Implementation approaches:

• Be able to explain what hash tables, binary search trees, heaps, AVL trees, 2-3 trees, adjacency lists, and adjacency matrices are used for. Be able to illustrate how standard operations (insert, delete, etc.) work. Be able to quantify performance (big-O) of standard operations. Show understanding of the ideas behind operations and big-O performance by being able to answer questions about novel variations on standard techniques.

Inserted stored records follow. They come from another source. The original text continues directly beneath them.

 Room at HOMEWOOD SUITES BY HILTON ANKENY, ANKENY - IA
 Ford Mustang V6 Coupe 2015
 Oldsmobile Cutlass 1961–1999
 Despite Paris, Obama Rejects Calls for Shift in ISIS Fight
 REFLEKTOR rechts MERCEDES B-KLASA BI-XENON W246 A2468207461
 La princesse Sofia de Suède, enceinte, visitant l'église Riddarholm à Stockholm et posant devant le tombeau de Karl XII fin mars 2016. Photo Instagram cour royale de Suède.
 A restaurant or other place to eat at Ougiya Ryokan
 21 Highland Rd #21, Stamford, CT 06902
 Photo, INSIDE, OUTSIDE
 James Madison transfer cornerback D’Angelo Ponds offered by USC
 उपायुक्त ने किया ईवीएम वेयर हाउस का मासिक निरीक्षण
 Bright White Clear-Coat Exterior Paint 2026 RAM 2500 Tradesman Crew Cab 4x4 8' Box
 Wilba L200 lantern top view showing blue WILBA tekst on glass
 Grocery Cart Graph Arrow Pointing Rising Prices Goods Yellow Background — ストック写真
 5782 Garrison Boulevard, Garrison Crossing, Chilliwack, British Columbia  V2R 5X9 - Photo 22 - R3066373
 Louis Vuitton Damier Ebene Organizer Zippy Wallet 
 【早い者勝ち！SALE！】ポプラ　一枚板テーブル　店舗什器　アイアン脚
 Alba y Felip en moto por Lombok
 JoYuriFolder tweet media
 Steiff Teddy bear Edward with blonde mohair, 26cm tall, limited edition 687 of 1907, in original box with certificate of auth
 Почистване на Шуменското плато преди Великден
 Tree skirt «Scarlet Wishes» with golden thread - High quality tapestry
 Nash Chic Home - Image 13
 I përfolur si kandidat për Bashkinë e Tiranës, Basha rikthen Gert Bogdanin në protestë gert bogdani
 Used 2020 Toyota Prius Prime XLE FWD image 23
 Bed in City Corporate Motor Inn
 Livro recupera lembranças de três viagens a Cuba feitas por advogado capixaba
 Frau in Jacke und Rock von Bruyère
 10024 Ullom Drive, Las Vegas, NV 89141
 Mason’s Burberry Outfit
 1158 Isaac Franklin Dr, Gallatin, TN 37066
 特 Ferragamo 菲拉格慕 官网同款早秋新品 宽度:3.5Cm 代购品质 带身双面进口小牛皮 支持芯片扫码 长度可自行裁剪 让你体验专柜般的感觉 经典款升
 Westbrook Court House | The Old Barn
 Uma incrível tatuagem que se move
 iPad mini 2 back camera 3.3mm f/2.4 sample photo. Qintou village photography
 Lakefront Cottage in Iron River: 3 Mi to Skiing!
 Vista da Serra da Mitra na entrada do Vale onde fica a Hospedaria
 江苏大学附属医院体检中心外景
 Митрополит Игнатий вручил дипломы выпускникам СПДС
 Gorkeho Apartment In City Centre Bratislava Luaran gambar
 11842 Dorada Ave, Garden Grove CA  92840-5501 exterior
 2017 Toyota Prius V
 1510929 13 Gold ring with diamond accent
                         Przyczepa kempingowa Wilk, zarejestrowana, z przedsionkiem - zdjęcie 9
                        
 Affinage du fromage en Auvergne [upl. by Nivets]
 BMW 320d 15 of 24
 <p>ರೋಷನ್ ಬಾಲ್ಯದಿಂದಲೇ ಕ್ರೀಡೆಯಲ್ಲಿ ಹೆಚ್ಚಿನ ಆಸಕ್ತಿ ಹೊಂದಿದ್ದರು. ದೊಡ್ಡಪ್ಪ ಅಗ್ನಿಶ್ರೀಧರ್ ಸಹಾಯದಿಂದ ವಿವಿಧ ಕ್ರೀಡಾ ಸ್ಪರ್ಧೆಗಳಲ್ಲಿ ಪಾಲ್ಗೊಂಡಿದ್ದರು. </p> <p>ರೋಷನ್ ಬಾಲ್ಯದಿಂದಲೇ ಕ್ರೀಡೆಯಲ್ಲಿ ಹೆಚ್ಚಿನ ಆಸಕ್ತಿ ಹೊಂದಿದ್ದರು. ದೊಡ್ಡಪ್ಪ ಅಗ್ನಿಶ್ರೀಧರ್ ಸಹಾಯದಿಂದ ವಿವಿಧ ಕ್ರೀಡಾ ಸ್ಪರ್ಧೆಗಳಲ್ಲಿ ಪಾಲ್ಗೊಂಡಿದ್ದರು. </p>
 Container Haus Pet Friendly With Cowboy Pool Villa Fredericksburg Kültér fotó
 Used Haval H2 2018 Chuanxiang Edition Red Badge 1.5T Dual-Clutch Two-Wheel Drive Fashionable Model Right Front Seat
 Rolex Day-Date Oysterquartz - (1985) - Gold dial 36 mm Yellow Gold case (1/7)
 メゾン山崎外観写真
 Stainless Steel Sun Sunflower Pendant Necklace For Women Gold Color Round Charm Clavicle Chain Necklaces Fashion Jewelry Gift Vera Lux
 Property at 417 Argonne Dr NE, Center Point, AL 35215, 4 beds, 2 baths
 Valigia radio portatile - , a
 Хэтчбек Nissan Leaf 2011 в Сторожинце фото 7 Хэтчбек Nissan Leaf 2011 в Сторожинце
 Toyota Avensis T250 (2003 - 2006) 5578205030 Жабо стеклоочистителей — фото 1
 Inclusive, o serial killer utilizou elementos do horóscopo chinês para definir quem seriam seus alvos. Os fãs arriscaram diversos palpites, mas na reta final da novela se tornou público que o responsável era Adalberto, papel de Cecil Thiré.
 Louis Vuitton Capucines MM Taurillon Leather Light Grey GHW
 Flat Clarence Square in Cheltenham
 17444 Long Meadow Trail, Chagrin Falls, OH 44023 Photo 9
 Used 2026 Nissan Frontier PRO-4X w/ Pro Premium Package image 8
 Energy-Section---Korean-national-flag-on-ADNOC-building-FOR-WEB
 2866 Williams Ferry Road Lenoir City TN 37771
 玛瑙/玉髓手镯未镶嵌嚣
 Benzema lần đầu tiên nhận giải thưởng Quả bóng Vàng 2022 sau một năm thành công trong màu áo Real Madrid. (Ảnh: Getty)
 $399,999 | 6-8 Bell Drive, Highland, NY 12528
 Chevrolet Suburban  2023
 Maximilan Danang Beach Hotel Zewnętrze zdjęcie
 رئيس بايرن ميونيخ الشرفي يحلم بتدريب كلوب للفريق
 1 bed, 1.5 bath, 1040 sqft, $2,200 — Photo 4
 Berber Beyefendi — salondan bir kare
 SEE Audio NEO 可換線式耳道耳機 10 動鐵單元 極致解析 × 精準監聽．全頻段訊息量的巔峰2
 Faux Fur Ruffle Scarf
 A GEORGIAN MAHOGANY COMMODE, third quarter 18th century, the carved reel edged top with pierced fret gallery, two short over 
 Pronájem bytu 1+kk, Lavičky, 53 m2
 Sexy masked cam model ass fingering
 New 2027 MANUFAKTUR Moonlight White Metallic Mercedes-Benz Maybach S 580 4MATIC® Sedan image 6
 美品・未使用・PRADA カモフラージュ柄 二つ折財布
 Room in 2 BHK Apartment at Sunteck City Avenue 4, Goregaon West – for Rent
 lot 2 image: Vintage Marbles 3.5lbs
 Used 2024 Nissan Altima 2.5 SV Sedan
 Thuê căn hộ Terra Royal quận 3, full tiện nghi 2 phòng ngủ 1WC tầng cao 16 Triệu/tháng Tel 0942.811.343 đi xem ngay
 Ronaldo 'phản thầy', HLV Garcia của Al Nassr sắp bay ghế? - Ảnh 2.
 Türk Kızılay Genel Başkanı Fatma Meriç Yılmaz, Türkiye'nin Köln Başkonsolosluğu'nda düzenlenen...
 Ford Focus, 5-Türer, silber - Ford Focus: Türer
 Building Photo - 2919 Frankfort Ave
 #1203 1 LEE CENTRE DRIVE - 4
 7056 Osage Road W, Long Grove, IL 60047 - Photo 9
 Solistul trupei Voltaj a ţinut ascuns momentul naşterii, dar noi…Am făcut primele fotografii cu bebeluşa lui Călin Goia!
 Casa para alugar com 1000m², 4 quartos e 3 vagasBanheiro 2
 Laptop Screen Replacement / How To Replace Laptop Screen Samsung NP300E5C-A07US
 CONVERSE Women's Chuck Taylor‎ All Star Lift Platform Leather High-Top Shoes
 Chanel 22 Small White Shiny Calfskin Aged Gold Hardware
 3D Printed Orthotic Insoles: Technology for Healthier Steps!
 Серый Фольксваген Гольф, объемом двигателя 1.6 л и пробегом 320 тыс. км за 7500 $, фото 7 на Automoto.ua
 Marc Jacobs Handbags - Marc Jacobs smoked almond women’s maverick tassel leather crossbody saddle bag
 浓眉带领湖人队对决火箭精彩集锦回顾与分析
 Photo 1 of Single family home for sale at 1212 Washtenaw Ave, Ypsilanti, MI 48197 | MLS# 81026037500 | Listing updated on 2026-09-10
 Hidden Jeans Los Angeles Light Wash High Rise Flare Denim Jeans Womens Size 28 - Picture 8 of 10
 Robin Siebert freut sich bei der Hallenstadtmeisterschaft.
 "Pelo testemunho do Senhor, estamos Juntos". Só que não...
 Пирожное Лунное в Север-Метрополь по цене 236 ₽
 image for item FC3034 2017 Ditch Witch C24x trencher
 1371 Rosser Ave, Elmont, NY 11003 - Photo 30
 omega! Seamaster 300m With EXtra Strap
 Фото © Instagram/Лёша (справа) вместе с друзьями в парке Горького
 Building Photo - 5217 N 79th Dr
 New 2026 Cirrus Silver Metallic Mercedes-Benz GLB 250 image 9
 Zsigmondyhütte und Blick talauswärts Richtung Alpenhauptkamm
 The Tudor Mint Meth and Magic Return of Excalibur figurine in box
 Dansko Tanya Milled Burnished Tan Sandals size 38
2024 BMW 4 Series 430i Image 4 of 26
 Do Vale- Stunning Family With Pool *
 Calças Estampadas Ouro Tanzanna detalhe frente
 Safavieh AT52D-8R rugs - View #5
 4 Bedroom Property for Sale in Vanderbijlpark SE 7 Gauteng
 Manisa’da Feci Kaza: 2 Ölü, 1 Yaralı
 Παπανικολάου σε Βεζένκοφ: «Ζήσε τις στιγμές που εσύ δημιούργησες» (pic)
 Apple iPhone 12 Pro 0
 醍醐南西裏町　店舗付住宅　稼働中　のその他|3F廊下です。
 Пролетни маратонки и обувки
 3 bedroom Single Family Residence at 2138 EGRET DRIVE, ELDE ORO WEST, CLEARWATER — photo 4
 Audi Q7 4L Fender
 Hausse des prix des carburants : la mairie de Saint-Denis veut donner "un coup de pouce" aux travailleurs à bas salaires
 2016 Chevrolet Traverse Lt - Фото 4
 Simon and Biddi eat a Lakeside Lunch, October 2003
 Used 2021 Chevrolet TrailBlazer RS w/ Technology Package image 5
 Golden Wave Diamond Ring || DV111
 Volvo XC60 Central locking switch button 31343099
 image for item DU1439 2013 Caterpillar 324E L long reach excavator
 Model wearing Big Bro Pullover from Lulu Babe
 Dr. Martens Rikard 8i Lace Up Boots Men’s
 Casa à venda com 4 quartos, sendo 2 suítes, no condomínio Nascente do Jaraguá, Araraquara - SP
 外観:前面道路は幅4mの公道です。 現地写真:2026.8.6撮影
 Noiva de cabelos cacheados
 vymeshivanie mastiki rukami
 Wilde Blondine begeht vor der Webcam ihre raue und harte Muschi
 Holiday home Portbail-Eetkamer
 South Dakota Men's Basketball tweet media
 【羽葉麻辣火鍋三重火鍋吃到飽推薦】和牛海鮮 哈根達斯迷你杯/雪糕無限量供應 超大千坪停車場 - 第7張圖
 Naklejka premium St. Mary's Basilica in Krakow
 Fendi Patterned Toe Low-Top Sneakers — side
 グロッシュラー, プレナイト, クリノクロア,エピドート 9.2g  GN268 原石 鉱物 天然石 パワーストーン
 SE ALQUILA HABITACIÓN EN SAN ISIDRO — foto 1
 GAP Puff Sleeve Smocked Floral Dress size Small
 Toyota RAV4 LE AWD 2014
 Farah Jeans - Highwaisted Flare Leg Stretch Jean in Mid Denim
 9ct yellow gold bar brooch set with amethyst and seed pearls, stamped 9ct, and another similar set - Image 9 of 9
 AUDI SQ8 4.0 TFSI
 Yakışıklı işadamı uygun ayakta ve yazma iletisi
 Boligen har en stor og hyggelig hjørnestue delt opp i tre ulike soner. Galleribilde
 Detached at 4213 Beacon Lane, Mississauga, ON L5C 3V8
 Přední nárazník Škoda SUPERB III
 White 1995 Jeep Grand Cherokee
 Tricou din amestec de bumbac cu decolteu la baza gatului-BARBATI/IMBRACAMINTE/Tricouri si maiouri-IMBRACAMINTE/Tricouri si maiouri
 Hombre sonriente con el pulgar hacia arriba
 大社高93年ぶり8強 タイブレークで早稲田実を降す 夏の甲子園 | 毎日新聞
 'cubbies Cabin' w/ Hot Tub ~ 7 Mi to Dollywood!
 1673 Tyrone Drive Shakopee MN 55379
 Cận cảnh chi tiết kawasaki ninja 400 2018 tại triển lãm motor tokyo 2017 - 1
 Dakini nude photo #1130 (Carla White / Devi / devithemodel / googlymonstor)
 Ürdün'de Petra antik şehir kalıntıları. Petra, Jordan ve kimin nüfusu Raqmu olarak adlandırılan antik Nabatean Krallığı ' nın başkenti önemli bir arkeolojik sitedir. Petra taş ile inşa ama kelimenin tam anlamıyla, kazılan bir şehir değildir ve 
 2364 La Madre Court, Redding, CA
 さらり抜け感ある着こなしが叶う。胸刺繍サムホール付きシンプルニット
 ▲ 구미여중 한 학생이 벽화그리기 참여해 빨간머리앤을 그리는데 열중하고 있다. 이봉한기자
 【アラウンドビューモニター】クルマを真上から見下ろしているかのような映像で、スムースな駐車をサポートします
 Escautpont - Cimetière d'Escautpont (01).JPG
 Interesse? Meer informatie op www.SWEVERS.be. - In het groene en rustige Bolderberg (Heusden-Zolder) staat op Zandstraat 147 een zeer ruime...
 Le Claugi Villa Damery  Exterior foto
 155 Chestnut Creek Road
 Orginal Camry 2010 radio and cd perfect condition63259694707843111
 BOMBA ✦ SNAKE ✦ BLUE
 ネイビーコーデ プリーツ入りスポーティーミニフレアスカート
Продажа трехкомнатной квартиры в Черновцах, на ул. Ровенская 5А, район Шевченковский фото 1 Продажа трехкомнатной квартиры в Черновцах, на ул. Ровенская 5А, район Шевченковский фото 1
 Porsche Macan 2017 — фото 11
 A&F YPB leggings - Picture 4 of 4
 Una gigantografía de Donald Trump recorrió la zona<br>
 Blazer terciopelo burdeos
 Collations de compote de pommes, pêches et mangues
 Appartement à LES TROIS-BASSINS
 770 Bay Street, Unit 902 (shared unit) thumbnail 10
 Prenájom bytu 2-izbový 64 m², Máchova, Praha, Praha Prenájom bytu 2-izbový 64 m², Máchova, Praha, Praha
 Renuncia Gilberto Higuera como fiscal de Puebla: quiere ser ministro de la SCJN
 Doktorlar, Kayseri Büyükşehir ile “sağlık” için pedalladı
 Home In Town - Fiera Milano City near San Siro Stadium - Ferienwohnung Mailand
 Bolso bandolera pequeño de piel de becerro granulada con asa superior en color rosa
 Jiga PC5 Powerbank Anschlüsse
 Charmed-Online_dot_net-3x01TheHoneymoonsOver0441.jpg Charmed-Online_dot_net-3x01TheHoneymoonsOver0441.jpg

Specifics regarding particular implementation approaches:

• Be able to distinguish between open addressing and chaining for hash tables. Know how they are implemented, and be able to consider tradeoffs between them. Be able to assess complexity (time and memory) of both approaches.
• Be able to distinguish between binary search trees, complete trees, balanced trees, and heaps. Know how and why they are implemented via pointer structures or arrays as appropriate.
• Be able to insert a series of data into a heap, AVL tree, 2-3 tree, adjacency matrix, or set of adjacency lists and be able to show the intermediate results along the way.
• Be able to describe trade-offs between adjacency lists, adjacency matrices, and other variations on the theme, and why one chooses one vs. the other.

Algorithms:

• Be able to demonstrate detailed examples of the following sorting algorithms: selection sort, insertion sort, heapsort, merge sort, quicksort, radix sort. Be able to describe big-O performance for each, and be able to justify it. Be able to analyze a novel sorting algorithm that uses similar ideas.
• Be able to demonstrate detailed examples of graph traversal algorithms such as depth-first and breadth-first traversal.

Java implementations:

• Be able to construct Java code to implement any reasonably-sized portion of the above implementation approaches or algorithms.
• Be able to construct Java code to implement sets or maps via binary search trees or hashing (open addressing or chaining).